═════ DATA IN THIS EXERCISE

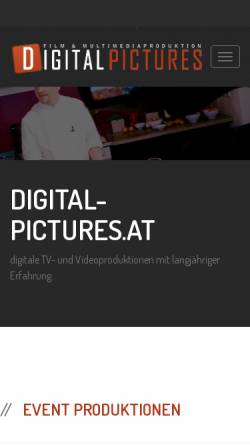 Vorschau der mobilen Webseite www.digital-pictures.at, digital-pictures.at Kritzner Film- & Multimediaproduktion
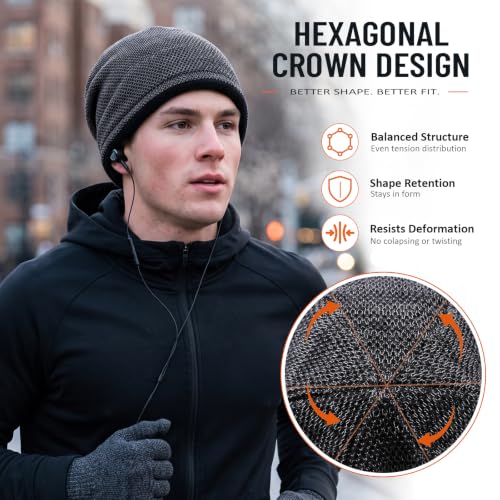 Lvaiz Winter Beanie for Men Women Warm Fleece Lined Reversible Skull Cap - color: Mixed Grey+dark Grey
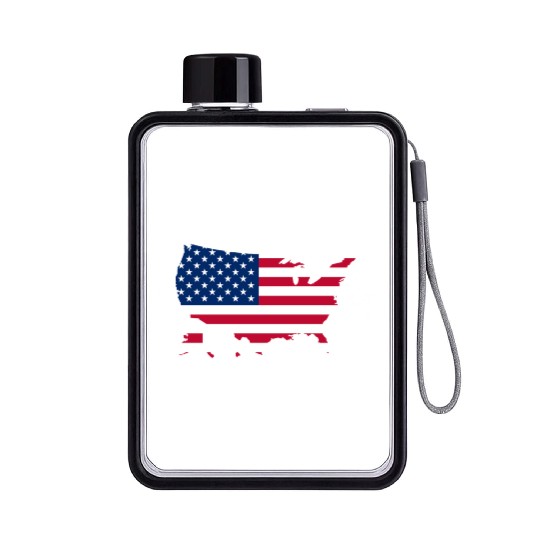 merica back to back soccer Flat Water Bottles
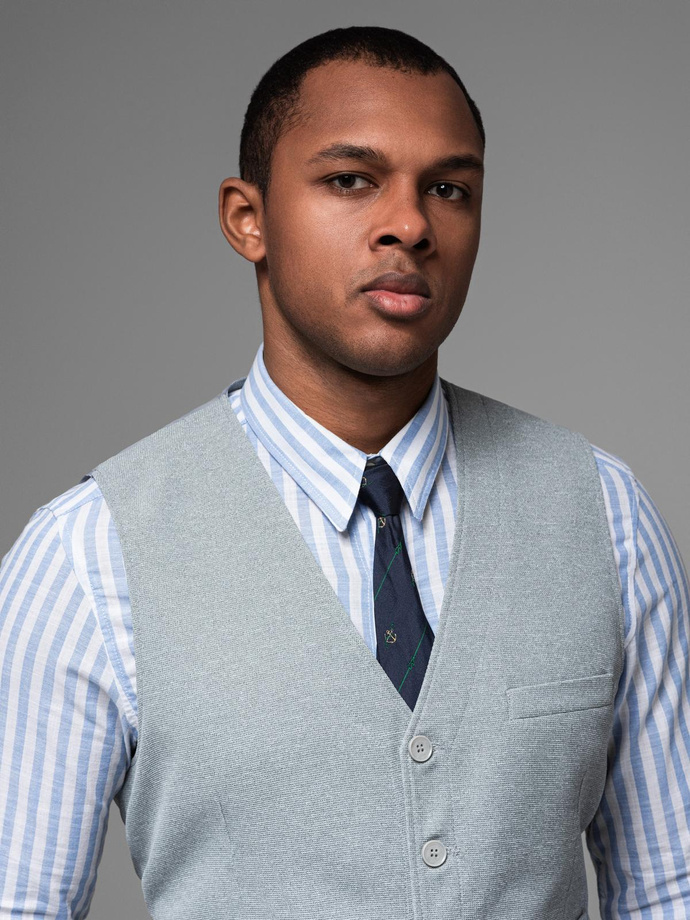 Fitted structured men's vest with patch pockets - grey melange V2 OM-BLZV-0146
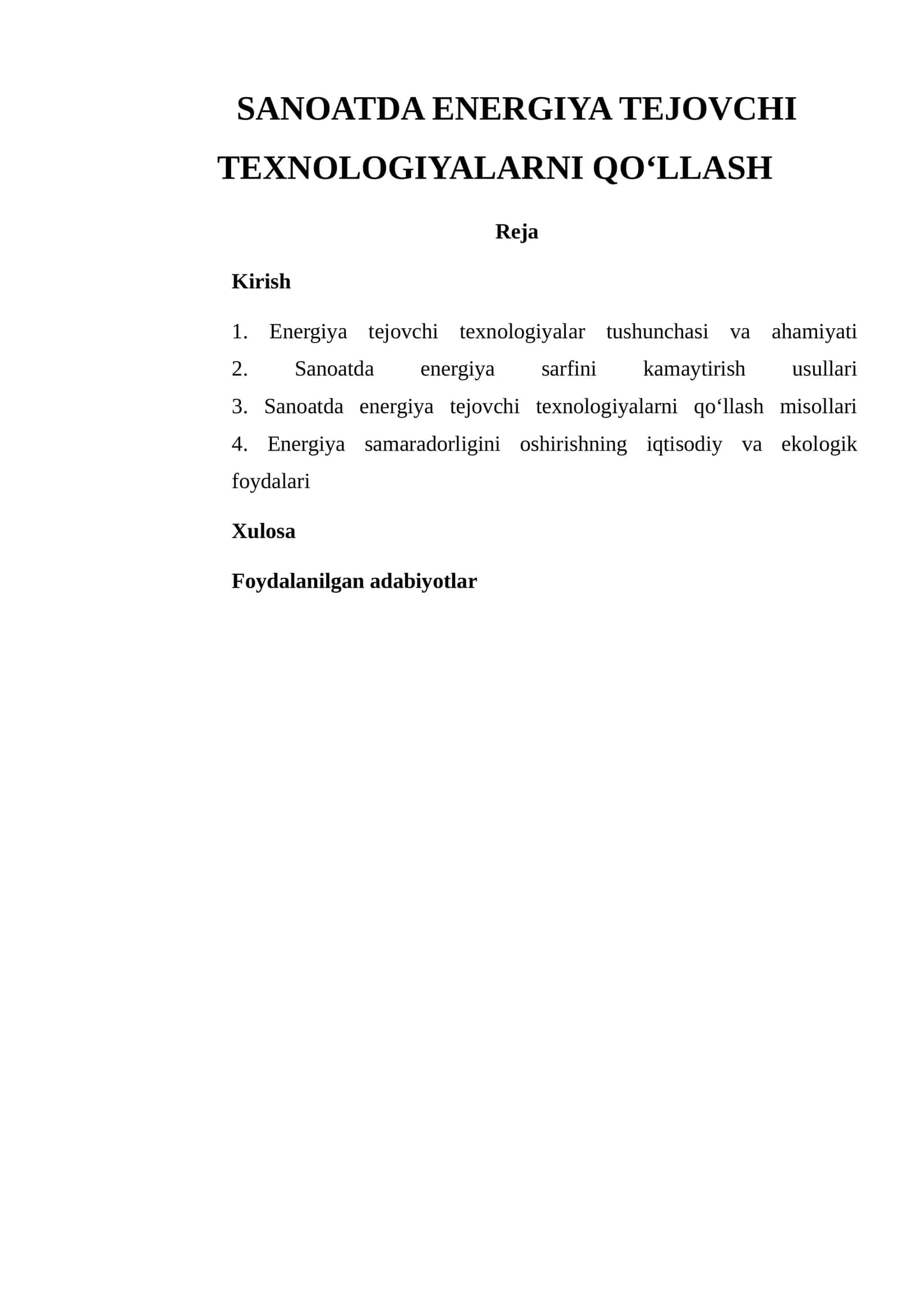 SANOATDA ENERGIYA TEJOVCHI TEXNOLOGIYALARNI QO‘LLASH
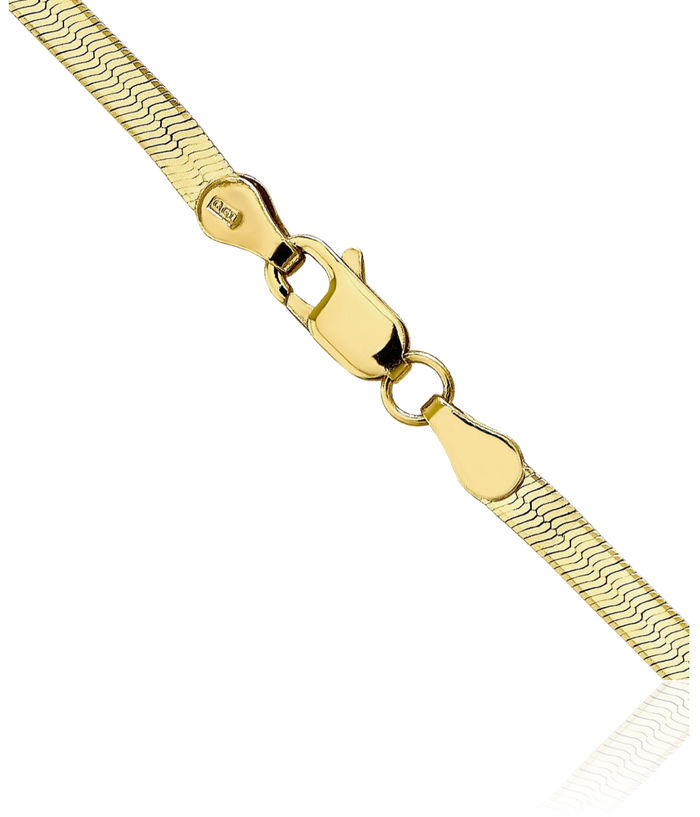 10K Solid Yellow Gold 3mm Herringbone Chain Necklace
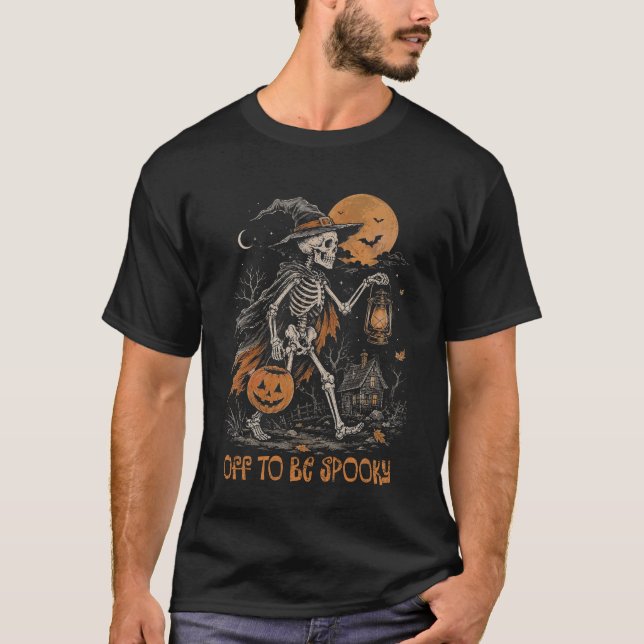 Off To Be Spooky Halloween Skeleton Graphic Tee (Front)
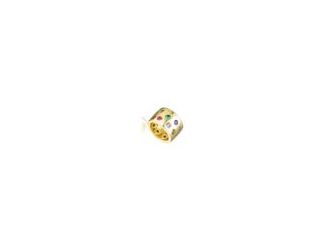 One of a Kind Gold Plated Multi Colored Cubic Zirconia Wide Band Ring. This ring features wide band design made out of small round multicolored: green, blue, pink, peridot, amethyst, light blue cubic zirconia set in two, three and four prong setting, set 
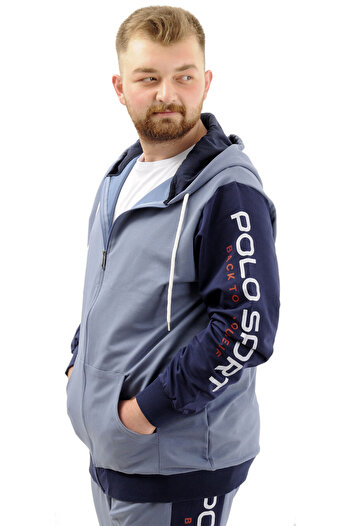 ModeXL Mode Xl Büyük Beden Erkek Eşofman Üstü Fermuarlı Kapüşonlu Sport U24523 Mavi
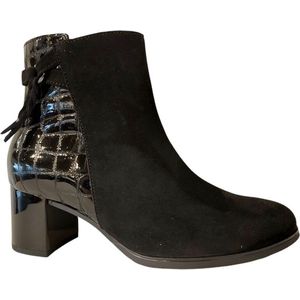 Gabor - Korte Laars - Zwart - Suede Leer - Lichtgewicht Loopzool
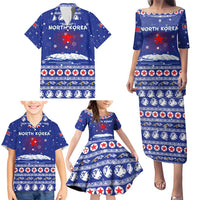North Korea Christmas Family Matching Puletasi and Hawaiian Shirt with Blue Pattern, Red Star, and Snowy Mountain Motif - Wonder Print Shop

══════════
═════ DATA IN THIS EXERCISE

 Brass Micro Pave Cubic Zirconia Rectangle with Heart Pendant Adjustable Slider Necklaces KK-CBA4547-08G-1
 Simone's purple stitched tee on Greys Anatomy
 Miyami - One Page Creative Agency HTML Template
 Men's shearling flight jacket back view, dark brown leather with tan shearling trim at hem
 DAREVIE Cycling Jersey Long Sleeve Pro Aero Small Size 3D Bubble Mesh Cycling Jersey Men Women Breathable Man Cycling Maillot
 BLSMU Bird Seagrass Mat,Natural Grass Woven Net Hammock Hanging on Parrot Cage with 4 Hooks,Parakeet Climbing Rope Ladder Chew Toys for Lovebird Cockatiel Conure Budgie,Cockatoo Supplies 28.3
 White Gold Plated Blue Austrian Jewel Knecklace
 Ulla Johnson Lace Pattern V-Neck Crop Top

══════════

Could you restate, word for word, the lines above from the one with "Simone's purple stitched" to the one with "BLSMU Bird Seagrass", both included?

 Simone's purple stitched tee on Greys Anatomy
 Miyami - One Page Creative Agency HTML Template
 Men's shearling flight jacket back view, dark brown leather with tan shearling trim at hem
 DAREVIE Cycling Jersey Long Sleeve Pro Aero Small Size 3D Bubble Mesh Cycling Jersey Men Women Breathable Man Cycling Maillot
 BLSMU Bird Seagrass Mat,Natural Grass Woven Net Hammock Hanging on Parrot Cage with 4 Hooks,Parakeet Climbing Rope Ladder Chew Toys for Lovebird Cockatiel Conure Budgie,Cockatoo Supplies 28.3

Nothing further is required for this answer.